Taking effect on November 23, 2021, a new policy from the U.S. Department of Labor (DOL) clarifies existing tip credit laws of the Fair Labor Standards Act.
Presently, employers are required under federal law to pay a minimum wage of $7.25. For tipped workers, part of this may be covered through a “tip credit” that goes towards making up the minimum wage based on received tips.
The agency will have the power to fine employers $1,100 for each individual violation—plus back wages owed—if the employers retain any portion of employee tips. The move shows the DOL’s interest in prioritizing the income of tipped workers, and showing operators that they are willing to enforce such policies aggressively. The final rule also re-defines manager guidelines for participation in tips, permitting managers and supervisors to contribute to mandatory tip pools while clarifying that they may keep tips received for service “directly” and “solely” provided. Managers may not participate in tip pools but can contribute if required by the establishment.

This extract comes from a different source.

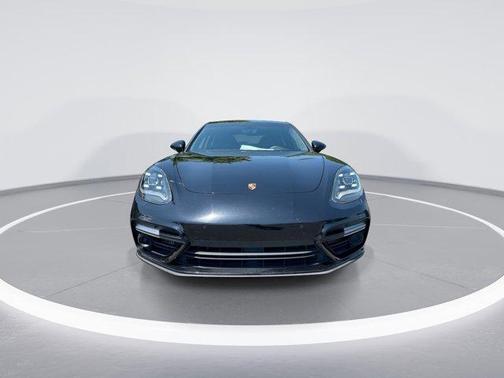 Black 2017 Porsche Panamera Turbo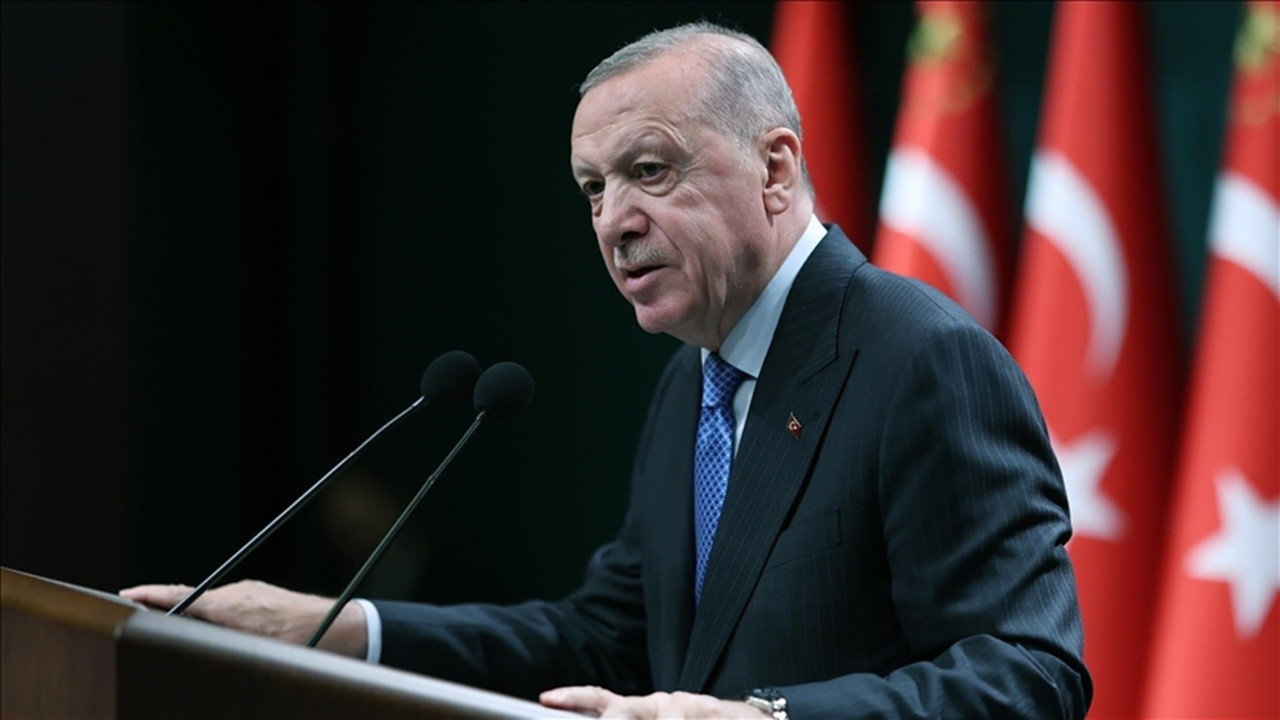 Cumhurbaşkanı Erdoğan'dan Malazgirt Zaferi'nin 954'üncü yıl dönümü mesajı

Legal publication JD Supra recommends employers of tipped employees to “carefully evaluate their procedures to ensure that they are not retaining any portion of their employee’s tips. Employers should also educate their managers and supervisors regarding the circumstances under which they are permitted to retain tips they receive from customers. Failure to do so could result in hefty penalties.”
The jury is still out on three portions of the Tip Regulations Final Rule section of the Fair Labor Standards Act: two concern the DOL’s power to apply civil money penalties, the third on the 80/20 rule. Under the proposed revision of the 80/20 rule, expected to be addressed by December 21, 2021, employees who spend up to 20% of their time on non-tipped tasks are still eligible for tip credits.